● WHAT YOU ARE ASKED TO DO: Set down, word for word, the line with "Photo 6 of 2025" and the lines after it through the final line of the data below, without pictures.

(MATERIAL FOR THIS EXERCISE begins)

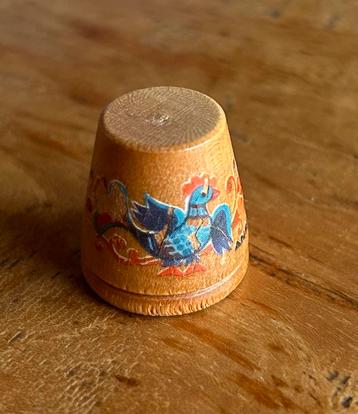 Houten Vingerhoedje met Vogel Decoratie beschikbaar voor biedingen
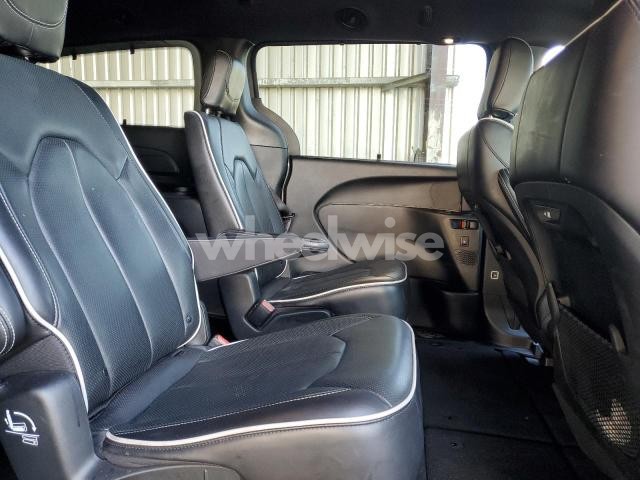 Photo 6 of 2025 CHRYSLER PACIFICA LIMITED (VIN 2C4RC1GG0SR537662)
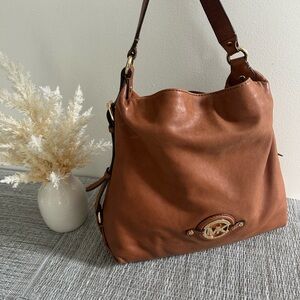 🌷MICHAEL KORS Leather Hobo Bag – Cognac Brown, Gold Logo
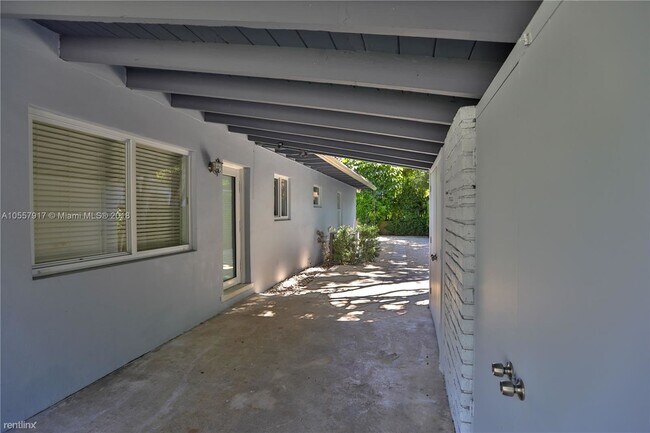 Building Photo - 3 br, 2 bath House - 1264 Milan Ave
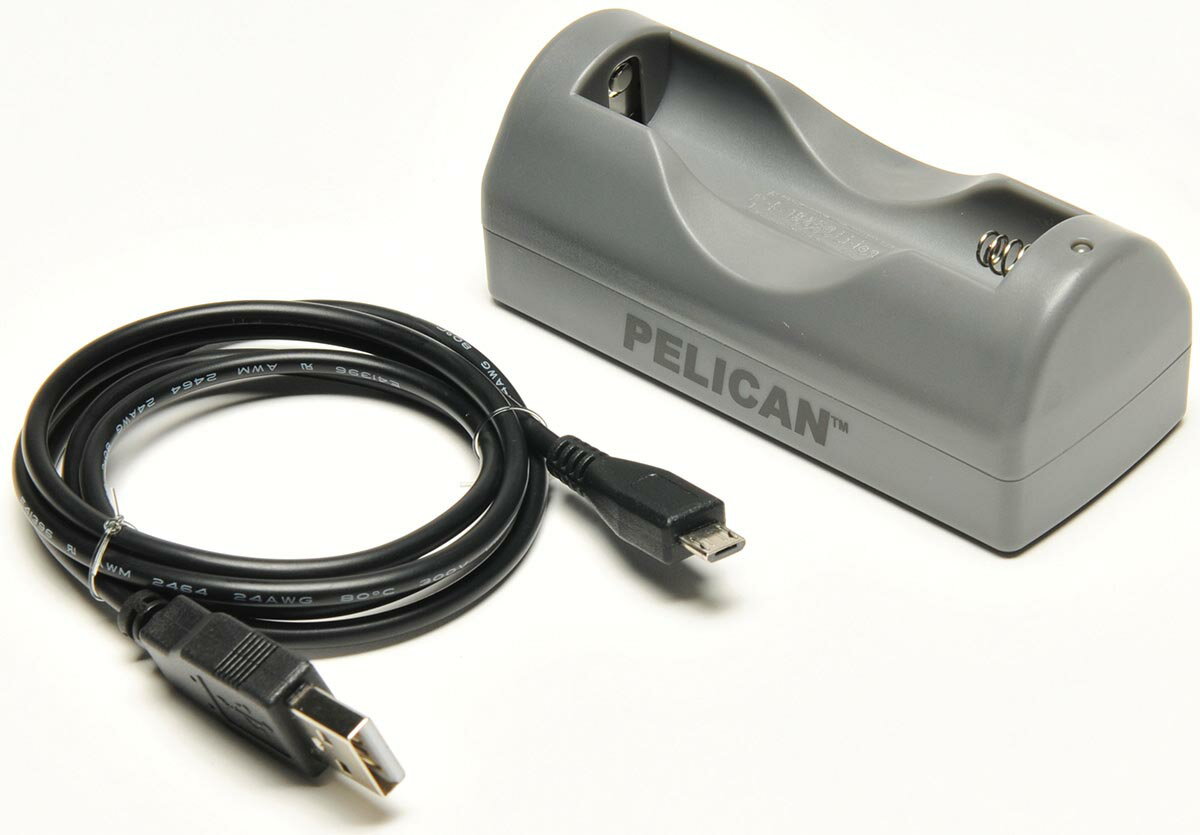 PELICAN ペリカン 2388 USBチャージャー 充電用 [02380R-3030-000] 対応機種:7000/7610/7620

(MATERIAL FOR THIS EXERCISE ends)

● TASK SOLUTION:
 Photo 6 of 2025 CHRYSLER PACIFICA LIMITED (VIN 2C4RC1GG0SR537662)
 🌷MICHAEL KORS Leather Hobo Bag – Cognac Brown, Gold Logo
 Building Photo - 3 br, 2 bath House - 1264 Milan Ave
 PELICAN ペリカン 2388 USBチャージャー 充電用 [02380R-3030-000] 対応機種:7000/7610/7620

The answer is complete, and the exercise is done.